Senate File 166 would declare fantasy sports as games of skill different from gambling, ending Iowa's run among a handful of states where it is illegal for someone to collect more than $50 if the real professional athletes they've assembled as a virtual squad have the best combined statistics to win a fantasy contest or league.
'We are currently in legal limbo. We have never clearly defined what fantasy sports are in Iowa,' said Sen. Jeff Danielson, D-Cedar Falls, chairman of the Senate State Government Committee and the bill's floor manager. 'We hope to clarify that.'
However, opponents viewed the foray into fantasy sports as gambling that likely would morph into something bigger, like other forms of gambling that started on a limited basis in Iowa.
'I think we're going down a path here that could be very destructive to some people,' said Sen. David Johnson, R-Ocheyedan. 'When you have money and you have rewards, it's gambling.'
Opponents also raised concerns that promoting a virtual game dehumanizes the participants and creates a new set of losers who will export large sums of money to out-of-state operations without capturing those dollars in Iowa or producing an economic benefit.
Currently, fantasy sports games are considered illegal in Iowa.
According to the Iowa Attorney General's Office, Iowa law allows participants to gamble against each other when it's incidental to a 'bona fide social relationship' between the participants and no one wins or loses more than $50 over a 24-hour period. Also, it's illegal to engage in bookmaking, which means the wagers/bets must be made physically within the presence of each other.
However, Danielson said federal law that Iowa will mirror allows the activity, so Iowa 'is not plowing new ground' by opening Iowans to online opportunities where they can engage in contests offering prizes and money by acting as owners or managers in building a simulated team to compete against other fantasy owners based on the statistics generated by real professional athletes or teams.
Danielson said the proposal excludes high school sports and does not legalize sports booking in any way at the amateur or professional level.

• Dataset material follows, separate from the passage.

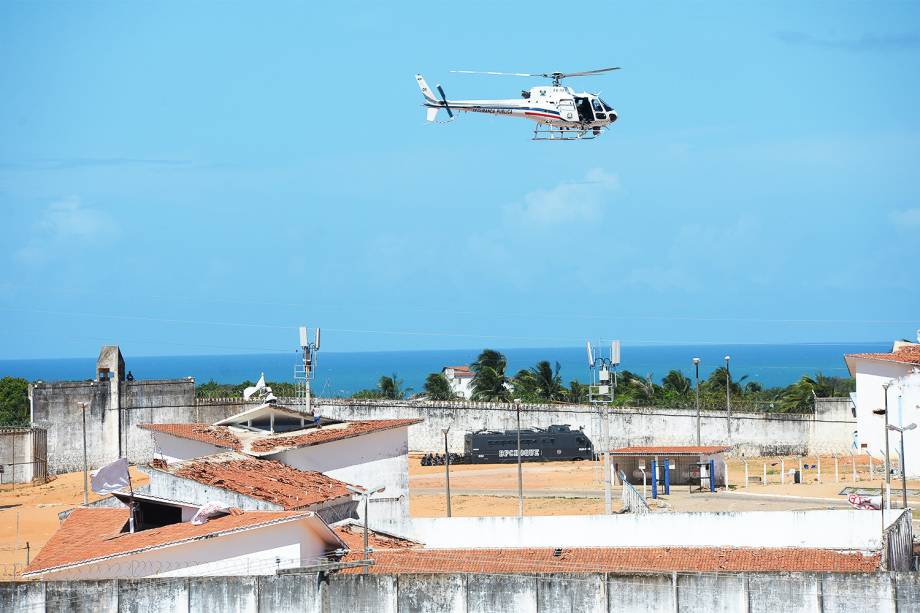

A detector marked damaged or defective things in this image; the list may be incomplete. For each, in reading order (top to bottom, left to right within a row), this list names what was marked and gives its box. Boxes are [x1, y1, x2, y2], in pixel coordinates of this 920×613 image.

Sen. Tony Bisignano, D-Des Moines, said he supported the bill but with some caution over not knowing who benefits from the billion-dollar industry and having in the Legislature when it passed low-stakes riverboat gambling as 'all fun and games' that developed into something much bigger.

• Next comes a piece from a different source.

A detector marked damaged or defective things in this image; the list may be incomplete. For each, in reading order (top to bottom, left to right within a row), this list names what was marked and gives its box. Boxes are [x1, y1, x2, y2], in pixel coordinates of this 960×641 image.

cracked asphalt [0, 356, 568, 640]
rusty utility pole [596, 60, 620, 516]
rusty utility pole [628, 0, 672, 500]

'There is a lot of money involved in this. There are billions of dollars involved in fantasy sports in the United States,' he said.
'This started out as a friendly poker game in a bar with four buddies and now has become an international sensation,' Bisignano noted.
'I think it's a great thing because people have a great time with it. But I do think we'll visit it again,' he added. 'I think we have to be very cautious as we watch this develop and you have to, as they always say, follow the money in this because the state of Iowa right now has no way of catching any of this money except if one of us happens to win. But somebody's going to make tens of billions of dollars on this friendly little game that has caught on.'
A total of 22 Democrats and 10 Republicans voted for the measure, while three Democrats joined 13 GOP senators in opposing the measure.
Thursday's Senate passage marked the farthest in the legislative process that the issue has progressed, but House Speaker Kraig Paulsen, R-Hiawatha, said the prospects for S.F. 166 are murky in the GOP-led Iowa House.
'I have no idea. We haven't talked about,' Paulsen said. 'I don't think it's a done deal one way or another, so I think we'll have a conversation about it.'
(MGN)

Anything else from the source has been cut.